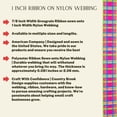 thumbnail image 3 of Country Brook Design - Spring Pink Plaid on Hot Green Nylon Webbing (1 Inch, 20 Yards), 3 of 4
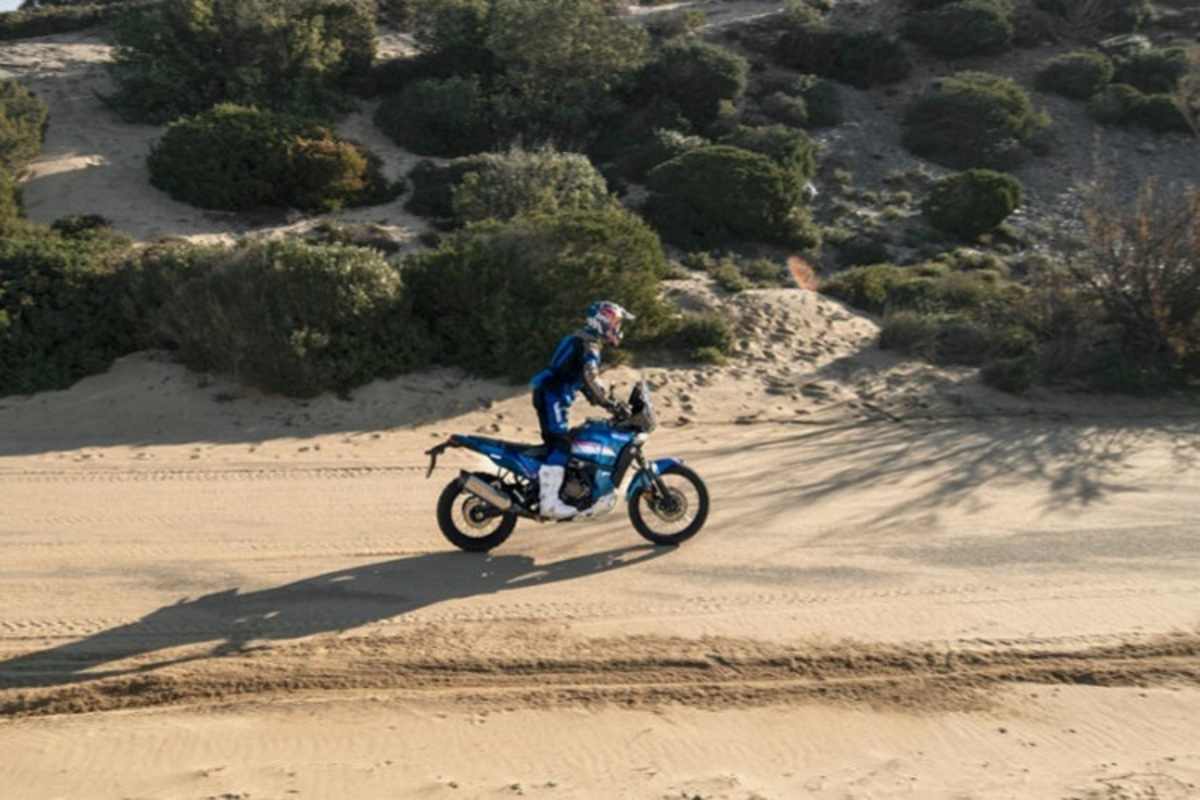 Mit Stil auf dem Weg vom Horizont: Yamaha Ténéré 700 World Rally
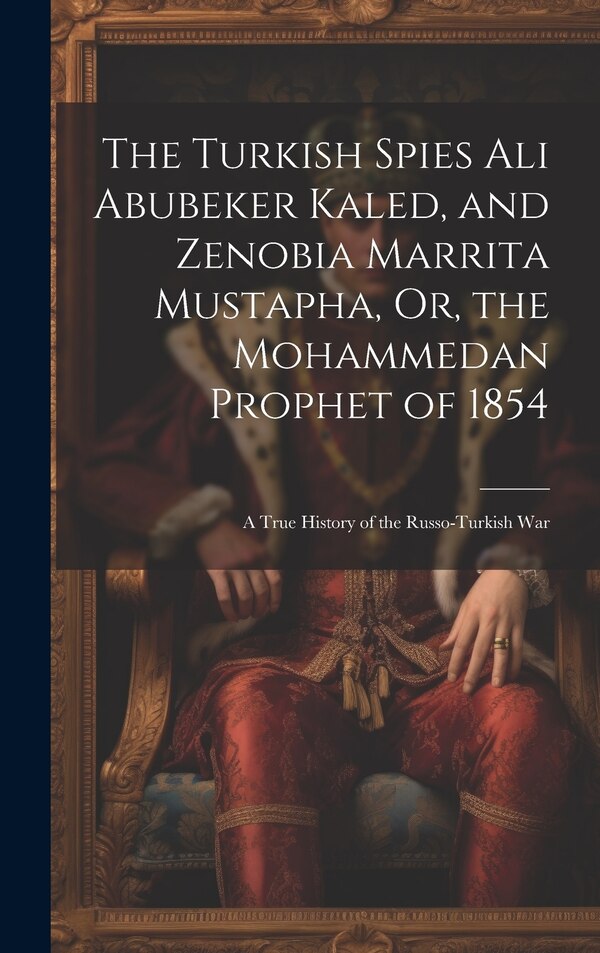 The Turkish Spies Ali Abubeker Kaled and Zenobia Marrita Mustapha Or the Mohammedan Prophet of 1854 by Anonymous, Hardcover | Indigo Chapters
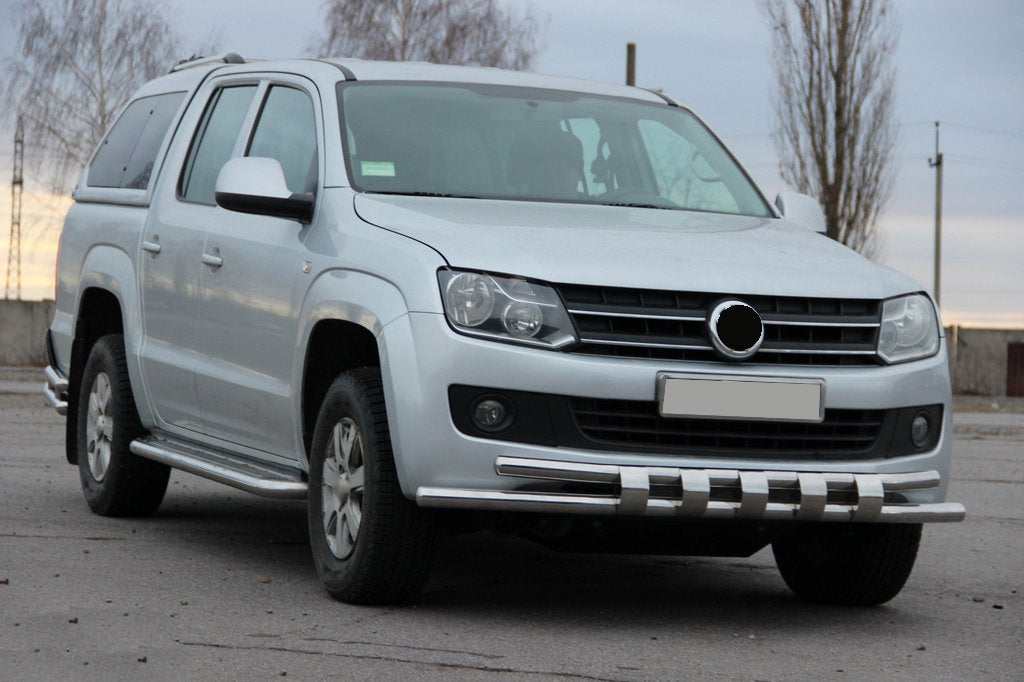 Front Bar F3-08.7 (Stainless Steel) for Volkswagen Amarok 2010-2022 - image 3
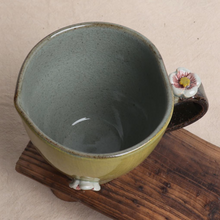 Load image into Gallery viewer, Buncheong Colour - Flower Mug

• [Work to be completed] The answer is the complete set of records, copied exactly, with pictures omitted.

• [Written answer]
 thumbnail image 3 of Country Brook Design - Spring Pink Plaid on Hot Green Nylon Webbing (1 Inch, 20 Yards), 3 of 4
 Mit Stil auf dem Weg vom Horizont: Yamaha Ténéré 700 World Rally
 The Turkish Spies Ali Abubeker Kaled and Zenobia Marrita Mustapha Or the Mohammedan Prophet of 1854 by Anonymous, Hardcover | Indigo Chapters
 Front Bar F3-08.7 (Stainless Steel) for Volkswagen Amarok 2010-2022 - image 3
 Load image into Gallery viewer, Buncheong Colour - Flower Mug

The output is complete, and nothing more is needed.